Robert O’Hara directs an all-star cast in his world-premiere comedy at MCC Theater.
We have passcodes on our cellphones for good reasons, like protecting ourselves from crooks. But is that main reason? What we might not want to admit is that we store a lot of secrets in those tiny electrical boxes and we’re afraid that someone might peek inside if we happen to leave ours unlocked. What would happen if the lives (and lies) we hide in our devices were suddenly exposed to people we actually know?
Robert O’Hara tosses that question into a roomful of boozy friends in his new comedy Shit. Meet. Fan., now making its world premiere at MCC Theater. He directs a starry cast led by Neil Patrick Harris and Jane Krakowoski in a play that’s as funny as it is discomforting.
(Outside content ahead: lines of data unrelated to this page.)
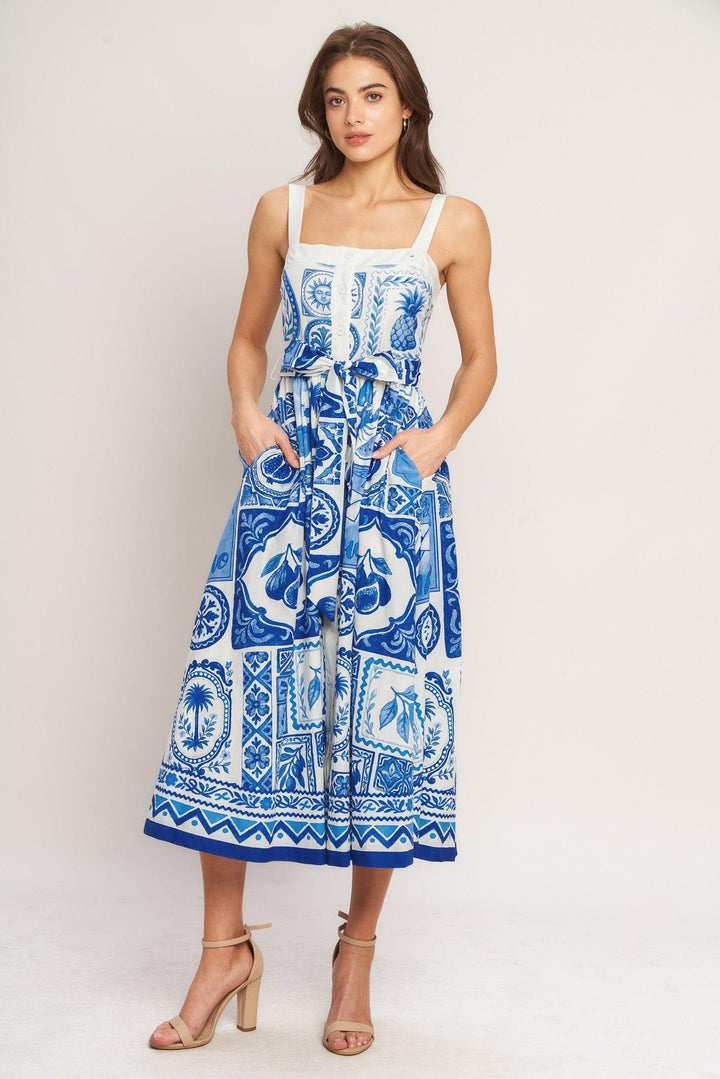 Blue Majolica Charm Woven Midi Dress from KADOU Boutique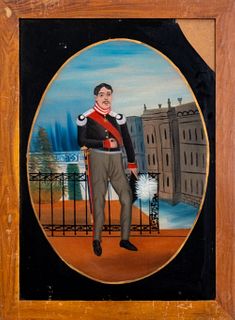British Colonial Reverse Glass Painting, 19th C.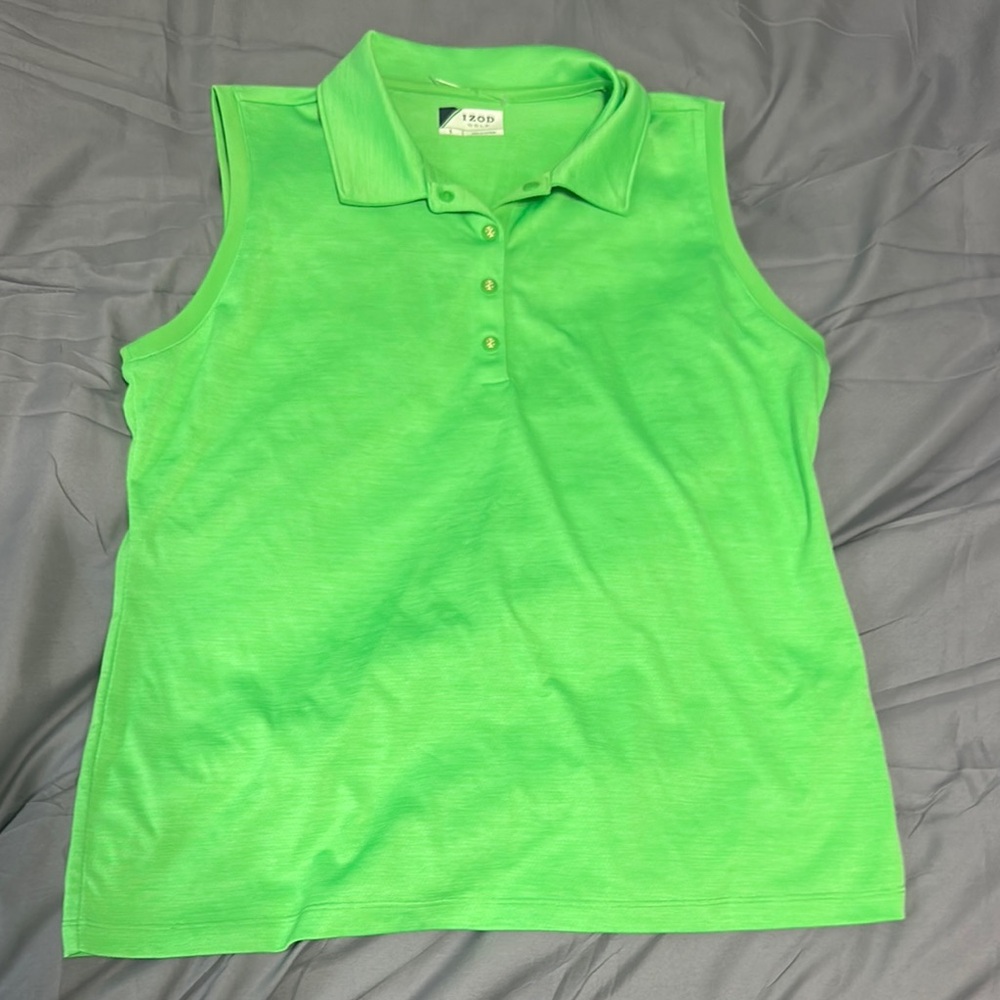 Vibrant Green Sleeveless women’s Izod Polo Shirt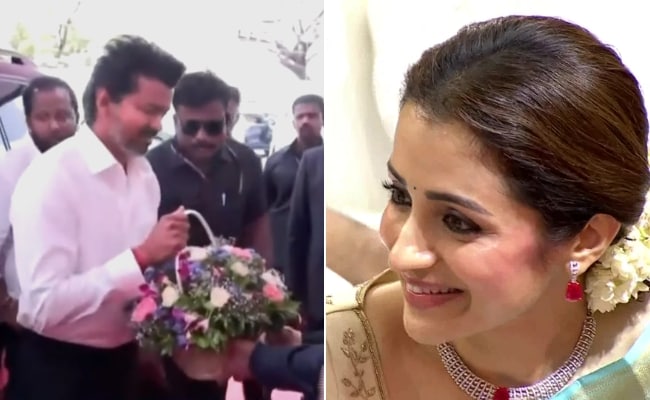 LIVE: Vijay To Take Oath With 9 TVK Leaders, Actor Trisha Arrives At Venue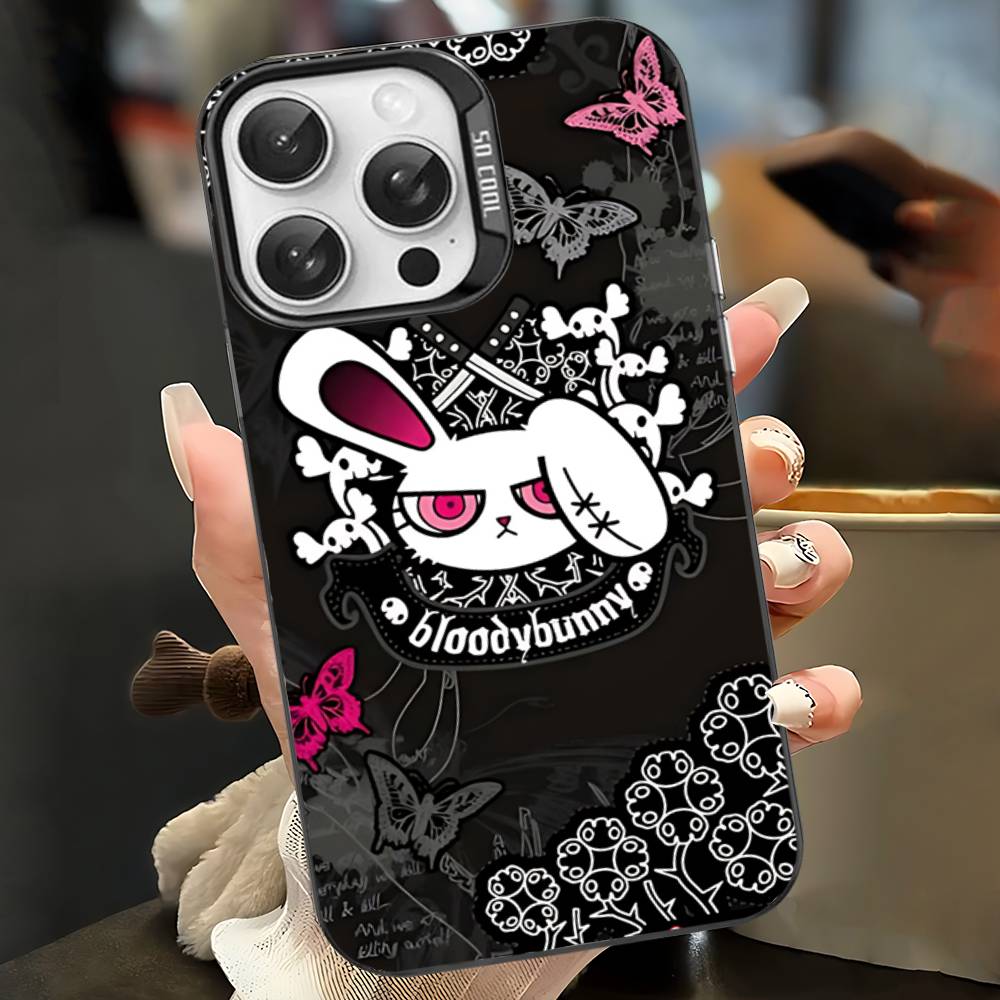 Аниме B-Bloody Bunny Чехол для телефона Для IPhone 17 16 15 14 11 12 13 Pro Max Plus Pro Цветной Серебристый Чехол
If you leave the theater not wondering if you should change your PIN, you probably weren’t paying attention.
O’Hara has introduced modern life into an ever-popular genre of American theater: the booze-infused tell-all. In Who’s Afraid of Virginia Woolf?, Edward Albee gave us George and Martha, that famously dysfunctional couple who play a game of “get the guests” in a chaotic evening of brandy and confessions. O’Hara clearly knows he’s tapping into that dramatic vein while adding a technological wild card into the mix. His dysfunctional couple, however, comprises the less openly vicious Rodger (Harris) and Eve (Krakowski). They’re well-off white New Yorkers in their 40s who are throwing a party for some friends so that they can all watch a lunar eclipse together.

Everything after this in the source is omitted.